*** ENTRIES SUPPLIED Section Begins ***
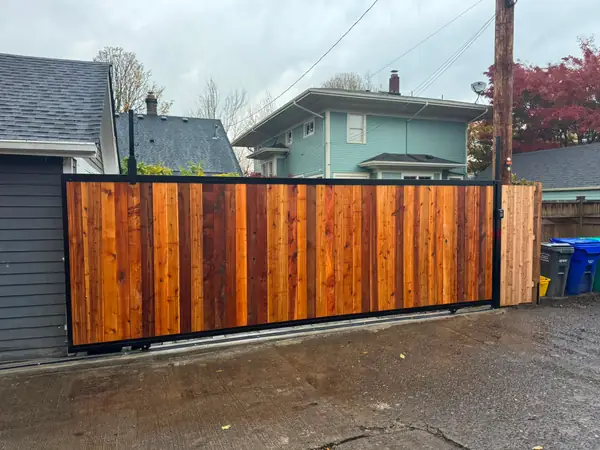 Completed cedar sliding driveway gate with keypad along residential alley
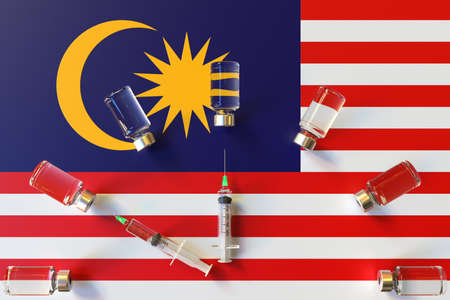 Glass vials and syringes on the flag of Malaysia. Vaccination related conceptual 3D renderingの写真素材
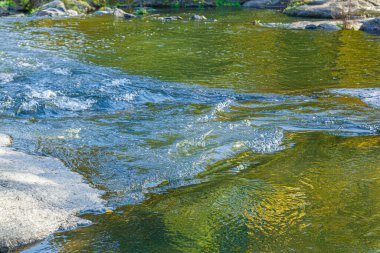 Su akışı ve bir taştan fışkırma. Yakından.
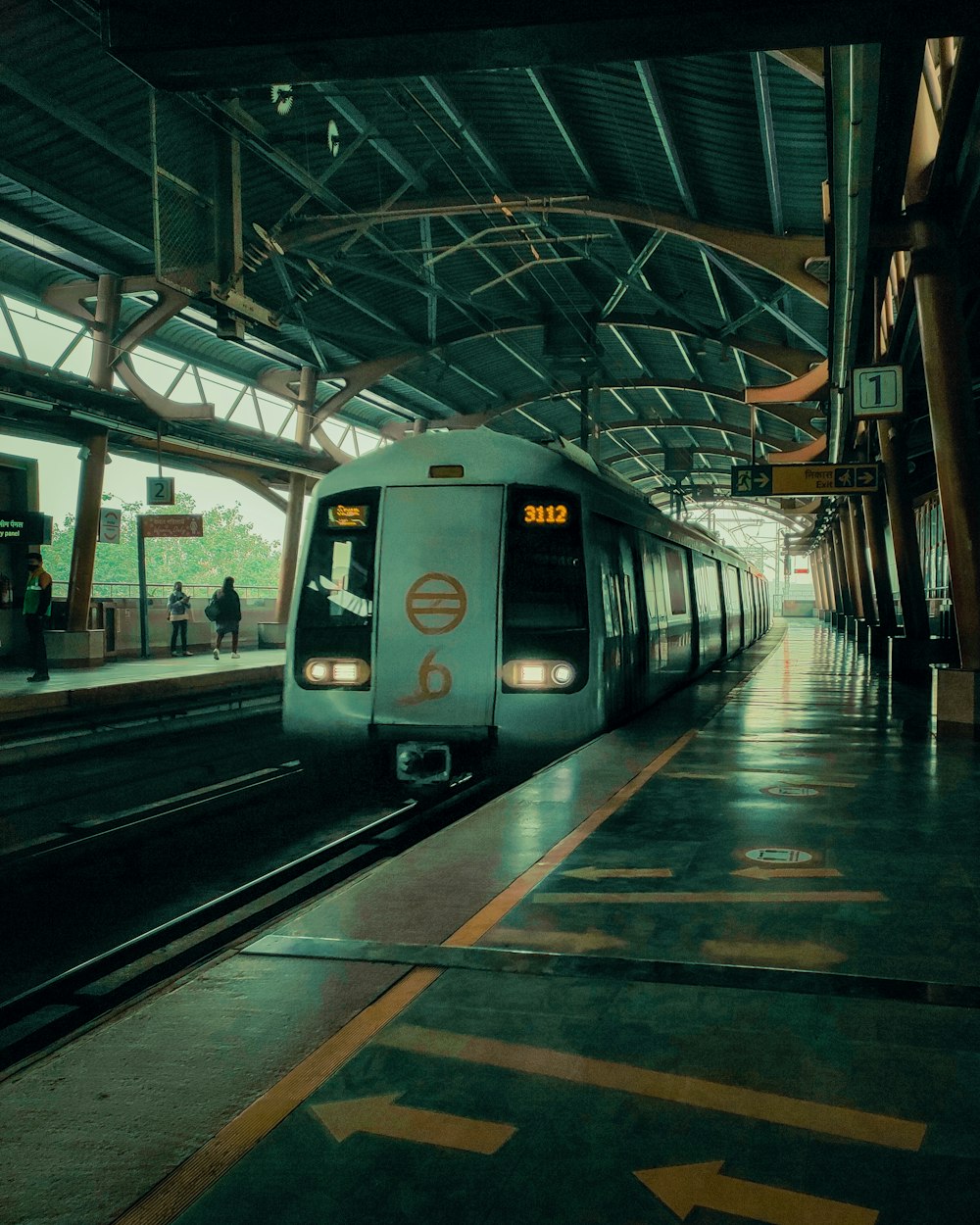 a subway train pulling into a train station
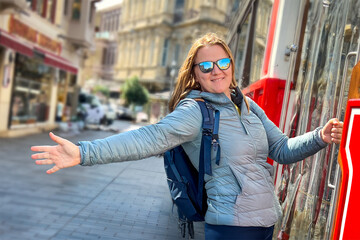 Happy woman in casual clothes, autumn jacket, mirrored dark glasses holds with one hand city tourist red tram on Istiklal street, enjoys freedom, relaxation, vacation. Tourist attractions in Istanbul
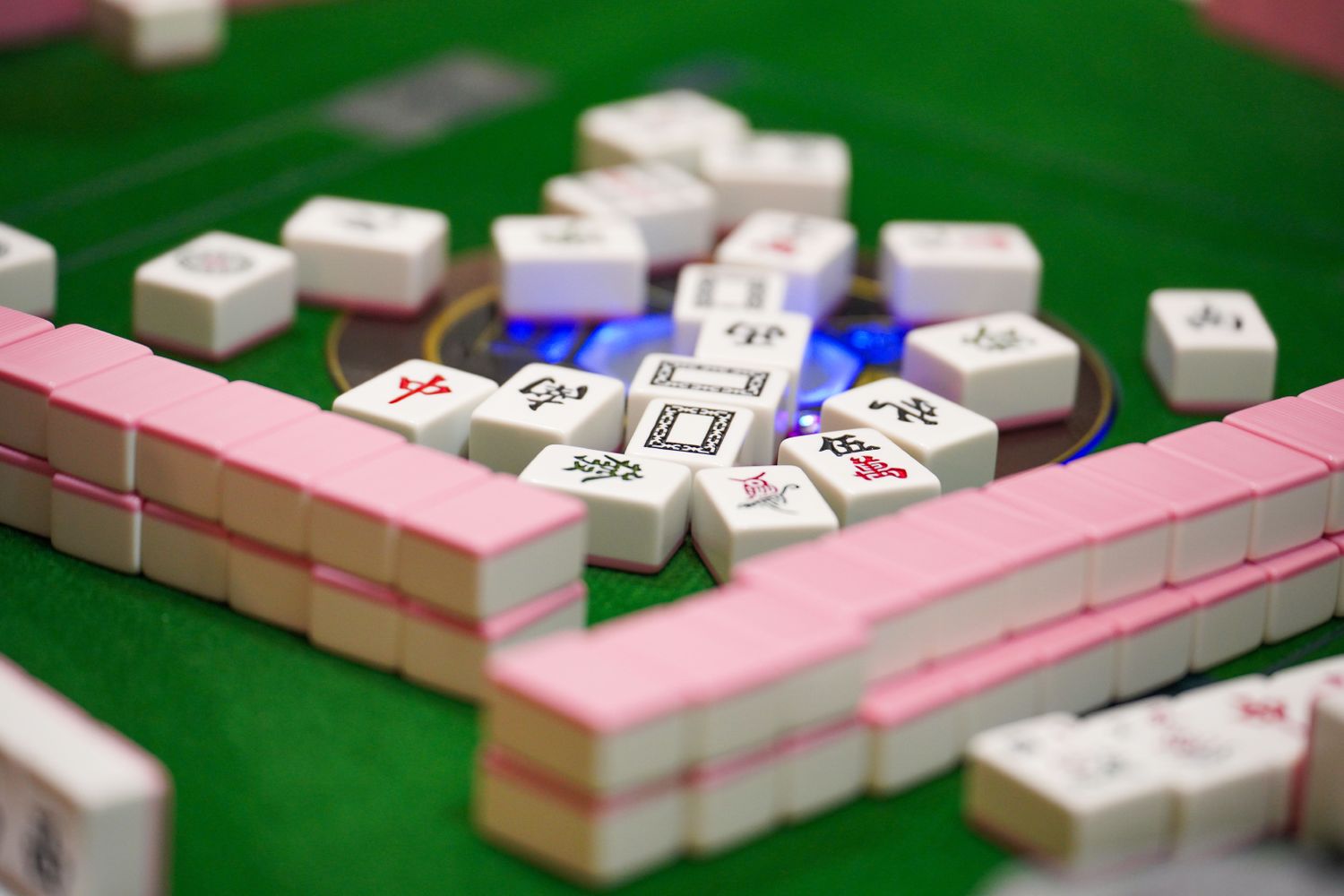 Mahjong tiles arranged on a table, ready for play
*** ENTRIES SUPPLIED Section Ends ***
WORK INSTRUCTIONS: What the reply must contain is an exact transcription of the data above and none of its pictures.

RESULT BELOW:
 Completed cedar sliding driveway gate with keypad along residential alley
 Glass vials and syringes on the flag of Malaysia. Vaccination related conceptual 3D renderingの写真素材
 Su akışı ve bir taştan fışkırma. Yakından.
 a subway train pulling into a train station
 Happy woman in casual clothes, autumn jacket, mirrored dark glasses holds with one hand city tourist red tram on Istiklal street, enjoys freedom, relaxation, vacation. Tourist attractions in Istanbul
 Mahjong tiles arranged on a table, ready for play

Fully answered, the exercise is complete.